> WHAT IS NEEDED:
Below are the records; copy exactly the stretch from the line containing "Bergblick Apartmán *" through the line containing "Thermaltake, Versa H17 Case Black.", both ends included, and nothing else.

> DATA:
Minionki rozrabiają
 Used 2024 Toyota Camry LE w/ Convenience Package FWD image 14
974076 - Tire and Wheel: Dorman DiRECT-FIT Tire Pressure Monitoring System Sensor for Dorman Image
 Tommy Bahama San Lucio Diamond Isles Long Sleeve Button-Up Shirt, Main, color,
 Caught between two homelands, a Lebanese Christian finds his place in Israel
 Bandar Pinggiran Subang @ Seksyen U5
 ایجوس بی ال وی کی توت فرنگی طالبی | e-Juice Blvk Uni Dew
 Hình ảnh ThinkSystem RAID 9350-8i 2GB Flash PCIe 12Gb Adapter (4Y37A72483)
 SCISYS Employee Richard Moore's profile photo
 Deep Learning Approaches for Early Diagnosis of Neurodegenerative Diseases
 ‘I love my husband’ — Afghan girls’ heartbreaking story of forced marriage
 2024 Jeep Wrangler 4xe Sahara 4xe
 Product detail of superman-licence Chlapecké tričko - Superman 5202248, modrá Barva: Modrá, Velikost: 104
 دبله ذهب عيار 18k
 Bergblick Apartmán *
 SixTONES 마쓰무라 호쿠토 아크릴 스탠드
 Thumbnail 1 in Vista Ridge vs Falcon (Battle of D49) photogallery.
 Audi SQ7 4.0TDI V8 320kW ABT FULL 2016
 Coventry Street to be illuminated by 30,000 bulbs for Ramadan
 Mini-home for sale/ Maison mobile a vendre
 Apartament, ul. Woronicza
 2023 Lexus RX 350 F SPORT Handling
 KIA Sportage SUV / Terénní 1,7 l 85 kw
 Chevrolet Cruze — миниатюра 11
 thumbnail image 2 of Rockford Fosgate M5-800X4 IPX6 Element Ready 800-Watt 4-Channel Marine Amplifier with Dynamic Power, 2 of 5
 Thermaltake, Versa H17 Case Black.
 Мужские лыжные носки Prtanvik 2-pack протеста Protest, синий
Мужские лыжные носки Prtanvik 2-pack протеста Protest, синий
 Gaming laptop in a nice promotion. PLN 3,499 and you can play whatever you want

> COMPLETED TASK:
 Bergblick Apartmán *
 SixTONES 마쓰무라 호쿠토 아크릴 스탠드
 Thumbnail 1 in Vista Ridge vs Falcon (Battle of D49) photogallery.
 Audi SQ7 4.0TDI V8 320kW ABT FULL 2016
 Coventry Street to be illuminated by 30,000 bulbs for Ramadan
 Mini-home for sale/ Maison mobile a vendre
 Apartament, ul. Woronicza
 2023 Lexus RX 350 F SPORT Handling
 KIA Sportage SUV / Terénní 1,7 l 85 kw
 Chevrolet Cruze — миниатюра 11
 thumbnail image 2 of Rockford Fosgate M5-800X4 IPX6 Element Ready 800-Watt 4-Channel Marine Amplifier with Dynamic Power, 2 of 5
 Thermaltake, Versa H17 Case Black.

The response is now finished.